TL;DR: Cayenne using DISTINCT for column queries in 4.2 affects Agrest
algorithms, but is nevertheless correct and should stay around.
----
When testing M1, I noticed a difference in ordering of the second-level results
in Agrest vs 4.0/4.1. Those are generated in Agrest via a SelectQuery with
columns roughly looking like this:
List<Property<?>> properties = new ArrayList<>();
properties.add(Property.createSelf(E3.class));
Expression exp = ExpressionFactory.dbPathExp("e2.id");
properties.add(Property.create(exp, Integer.class));
SelectQuery query = new SelectQuery(E3.class);
query.setColumns(properties);
Here "e2" is a to-one relationship. The difference in generated SQL between 4.0
and 4.2 is the DISTINCT keyword added in the latter:
4.0:
SELECT t0.name, t0.e2_id, t0.id_, t1.id_ FROM utest.e3 t0 JOIN utest.e2 t1 ON
(t0.e2_id = t1.id_)
4.2:
SELECT DISTINCT t0.name, t0.e2_id, t0.id_, t1.id_ FROM utest.e3 t0 JOIN
utest.e2 t1 ON t0.e2_id = t1.id_
Both produce the correct result, but since there's no explicit ordering, the
actual order of the objects returned by Derby is different. I am less worried
about the ordering (this was just an indicator to me that something has
changed), but DISTINCT has a performance impact, and now it seems it will
affect the main execution path of Agrest.

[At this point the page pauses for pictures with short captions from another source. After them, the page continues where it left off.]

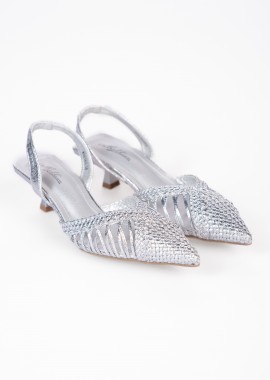 Χαμηλές open heel μυτερές γόβες με πλεκτό σχέδιο - Ασημί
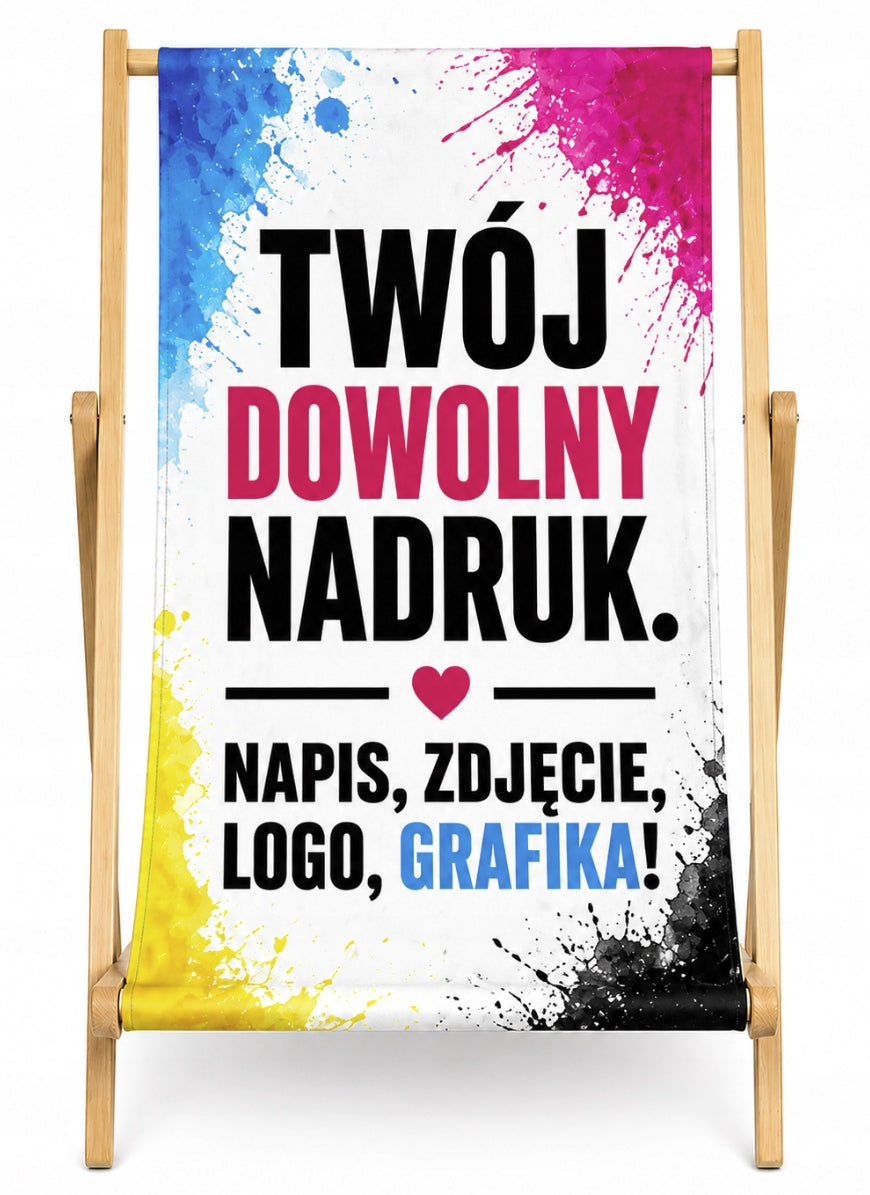 WOODEN DECKCHAIR WITH YOUR ANY LOGO PRINT GRAPHIC PHOTO ADVERTISING Packaging status original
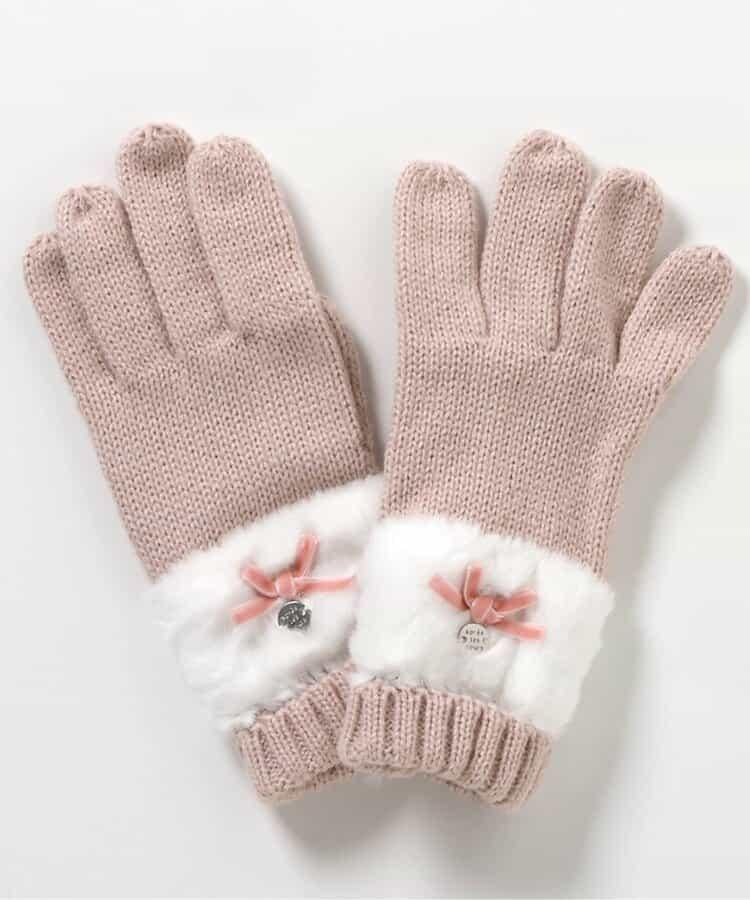 蝴蝶結毛絨手套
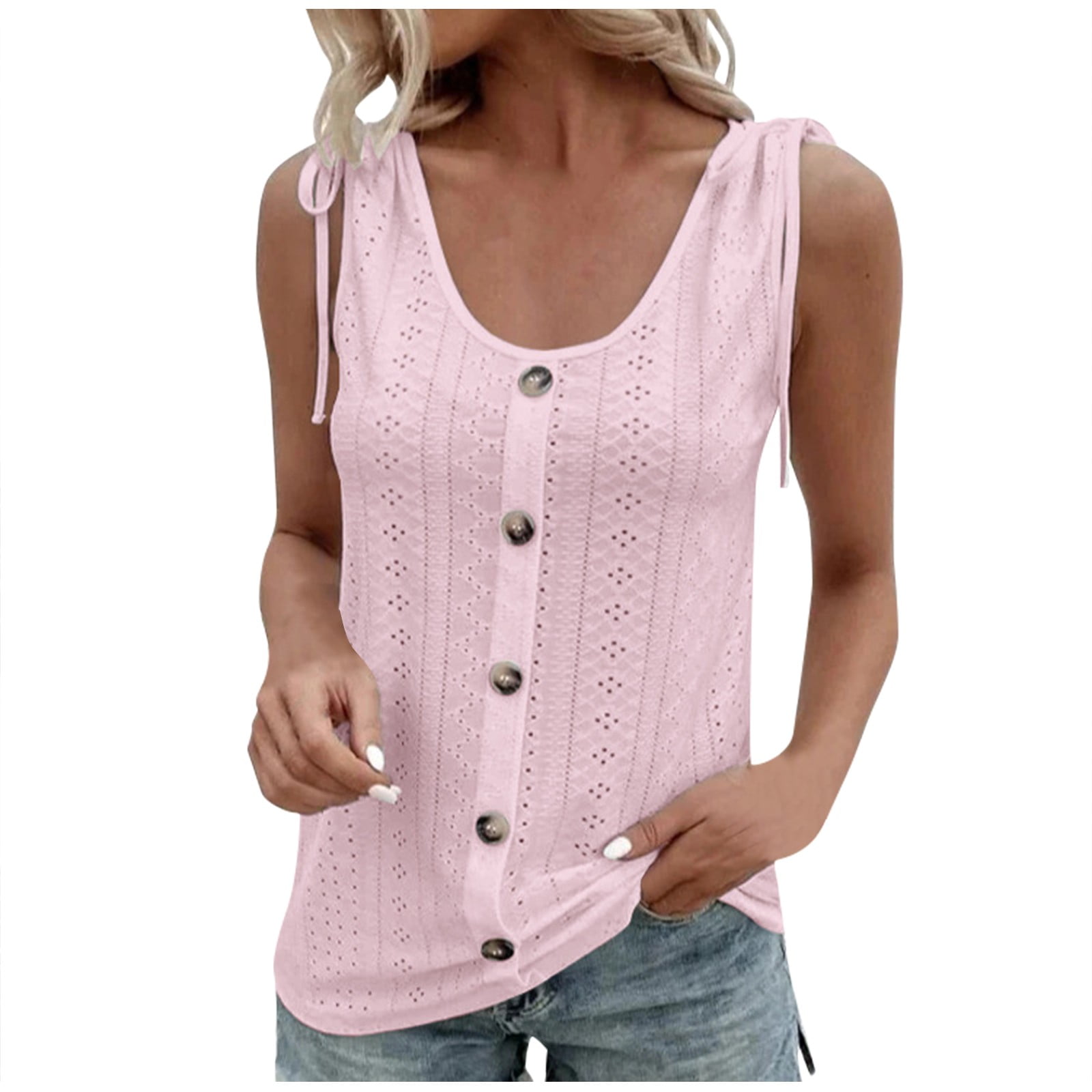 Qcmgmg Workout Tank Tops Button Shoulder Tie Eyelet Ladies Tops ...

I suppose Cayenne behavior in 4.2 is correct as with column queries there are
no simple rules for when there may be duplicate result rows. Our case doesn't
require DISTINCT only because of the special combination (entity and a related
to-one id). And we need to fix this on Agrest end (that join is redundant in
case of to-one).
Still figured I'd mention...
Andrus